DIE: Die aktuelle Kolumne | Wie die deutsche G7-Präsidentschaft 2022 Gestaltungsmacht entfalten könnte

Wenn die neue Bundesregierung Anfang 2022 mit dem deutschen G7-Vorsitz ihre ersten internationalen Akzente setzt, kommt es nicht nur auf die Ambition der Themen an. Mindestens genauso wichtig ist die Art ihrer Bearbeitung und die politische Positionierung des G7-Prozesses selbst. Ähnlich wie bei den deutschen Vorsitzen 2007 (Heiligendamm/G8) und 2015 (Elmau/G7) könnte auch der 2022er Vorsitz an einem Wendepunkt für G7 und G20 liegen. Wird die G7 ihrer Verantwortung für das globale Gemeinwohl gerecht oder wandelt sie sich zu einem Instrument geopolitischer Selbstbehauptung?

Mit dem Heiligendamm-Prozess konnten 2007 Brasilien, China, Indien, Mexiko und Südafrika für eine erste strukturelle Öffnung der G8 gewonnen werden. Nur ein Jahr später war die Welt eine andere. In der Finanzkrise kam die G20 erstmals auf Ebene der Staats- und Regierungschef*innen und erklärte sich 2009 zum wichtigsten Forum für ihre internationale wirtschaftliche Zusammenarbeit. Das markierte das Ende der G8 als den zentralen Ort weltwirtschaftlicher Abstimmung, aber auch ihrer Erweiterung. Im Gegenteil, wenige Jahre später wurde Russland aufgrund seiner Annektierung der Krim aus der Gruppe ausgeschlossen, der Elmau-Gipfel 2015 zum ersten regulären im früheren G7-Format. Ohne zentrale wirtschaftspolitische Rolle sowie ohne die großen Schwellenländer und Russland begann die G7 sich neu zu erfinden: als Wertegemeinschaft für Freiheit und Demokratie sowie als Instrument zur Wahrung von Souveränität und territorialer Unversehrtheit. Elmau knüpfte aber auch an die Tradition eines Fokus auf das globale Gemeinwohl sowie auf Afrika an und trug dazu bei, im G7-Kreis die Verabschiedung der Agenda 2030 mit ihren 17 Zielen für nachhaltige Entwicklung (SDGs) und den Abschluss des Pariser Klimaabkommens im selben Jahr vorzubereiten.

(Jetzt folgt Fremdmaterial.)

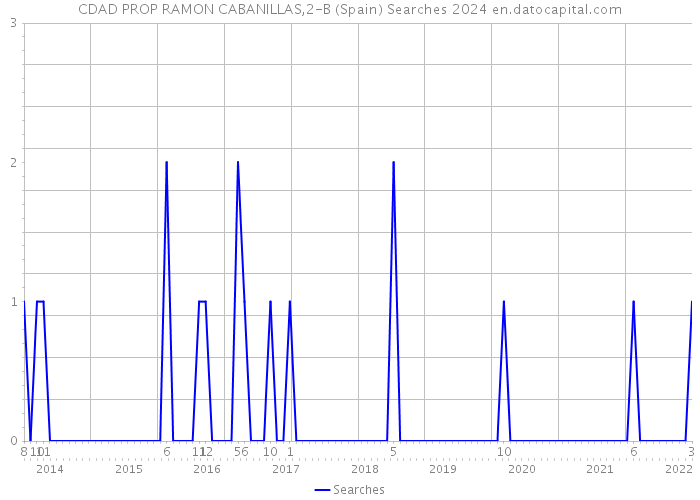 CDAD PROP RAMON CABANILLAS,2-B (Spain) Searches 2024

In den Folgejahren blieb aber unklar, wie sich Führungsanspruch und Themenspektrum der G7 zu den oft parallelen sowie breiter aufgestellten G20-Prozessen verhalten. Auch wurden mit dem Brexit und der Trump-Administration ernste Probleme in und zwischen den G7-Ländern deutlicher. Gipfelerklärungen verflachten, dokumentierten offen Dissens oder wurden widerrufen. 2020 kam unter US-Vorsitz ein G7-Gipfel nicht zustande. Als 2021 das Vereinigte Königreich den G7-Prozess wieder aufnahm, knüpfte es zwar an gemeinwohlorientierte Traditionen an, orchestrierte aber auch ein neues geopolitisches Setting. Mit Indien und Australien wurden neben Südkorea und Südafrika nicht nur wieder mehrere andere G20-Länder zu einem G7-Gipfel eingeladen, sondern auch der indo-pazifische Quadrilateral Security Dialogue an die G7 herangeführt. Dies lies Beobachter vom ersten Gipfel der Anti-China-Koalition sprechen, was auch durch die Anlage des dort aufgegriffenen US-Vorschlags einer neuen globalen Infrastrukturinitiative unterstrichen wird.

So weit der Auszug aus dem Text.